Although there are many exciting biometric password technologies emerging, the good old-fashioned password is still as important as ever; possibly even more than ever before. Many people still have the feeling that it’s unlikely their passwords will be compromised, but in reality, all of us are at risk. Your password is your first line of defense against hackers. That’s why having a strong password is so important.
Your Guide to Creating a Strong Password
1. Don’t Make it Personal
Birthdays, anniversaries, children’s and pet’s names as well as a series of numbers (such as 54321) are not good options. While these details are all easy to remember, they don’t belong in your passwords list. Passwords containing personal details can be easily guessed by someone you know and even by hackers who don’t know you at all. This is because hackers user publicly available software which allows them to use a “Brute Force” method to check all possible passwords until the correct one is found. You make their job a lot easier if they already know basic formula used to create the password. What’s the first thing they’re checking for? Passwords containing the items listed above.
2. Don’t Use Real Words
Passwords which contain full and correctly spelled words in any language are particularly vulnerable to a dictionary, brute-force, rainbow or many other effective methods of attack. Many people will use words from another language not native to their geographical location as their “bullet-proof” strategy. This technique is no more secure than if they were to use words from their native language. Dictionary attacks exploit most words from languages across the world.

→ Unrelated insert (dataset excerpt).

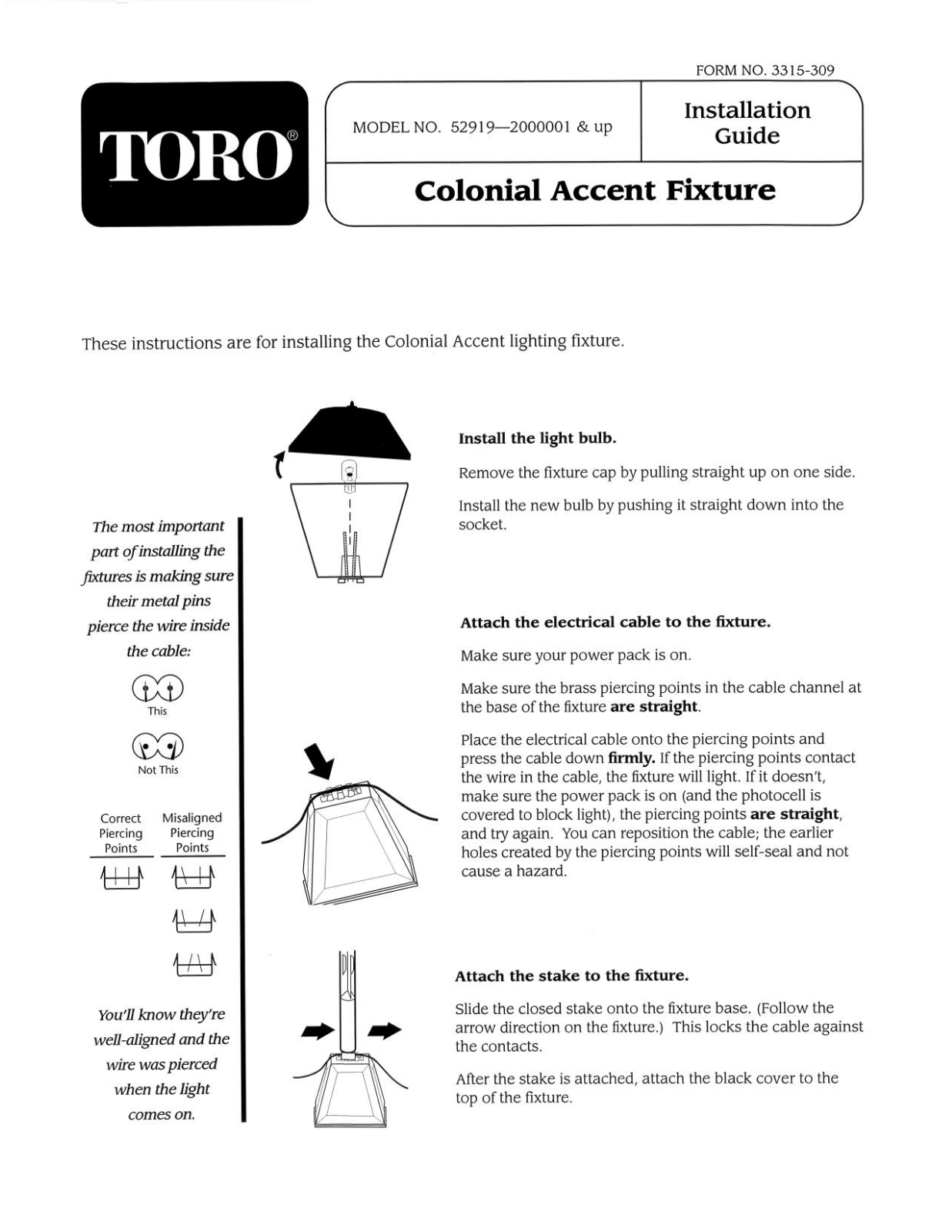 Toro 52919 Installation Instructions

3. Use a Combination of Letters, Numbers and Symbols
One effective technique is to choose a password and replace some of its letters with numbers, special characters and both uppercase and lowercase letters. For example, if your password contained the word “Padlock,” simply spelling it out could leave you at risk, but using characters which are uppercase and lowercase as well as symbols and numbers to spell the word will make it much more difficult to guess. For example, the password “Padlock” could be converted to “p@dL0cK,” which contains all of the previously listed items.
4. Don’t Keep it Short
The longer the password, the better. Your passwords should be at least 8 characters, but ideally as long as 16 characters.
5. Use a Unique Password for Each Login
Using a single password for all of your accounts makes remembering your logins easy, but is not a good idea. Research shows that 60% of users use the same password for most, if not all of their online accounts. This strategy makes it easy for the user, but if someone with bad intentions gains access to one of your passwords, they have access to ALL of the accounts which share that same password. Using a unique password for each account will limit a hacker’s access to just one account in the event of a breach.
6. Consider Using a Passphrase
Using a pass phrase will help you create longer, more complex passwords that are easy for you to remember, and more importantly; harder for hackers to guess. A passphrase is basically just a series of words that make a long password. For example, if you like ballroom dancing, your passphrase could be “!Like2ba11roomD@nce.” That’s something that is easy to remember, but means nothing to anyone but you.
7. Use a Password Manager
If you’re creating long, complex passwords and using unique passwords for each account, you are going to have a hard time remembering them. That’s why it’s a good idea to use a password manager so that you’re not discouraged from using strong passwords. Password managers store your passwords for you so that they are all available to you in one place. The key is having a very strong master password, which you use to gain access to the rest of your passwords. A few popular options are DashLane, Keeper and LastPass. Each option offers a desktop and mobile application.
8. Enable Two-step Verification
Whenever possible, enable two-step verification. Many popular websites have this capability, which basically requires you to login two different ways to gain access. This is especially good to use for your email accounts or any other account with private information, and is relatively easy to set up.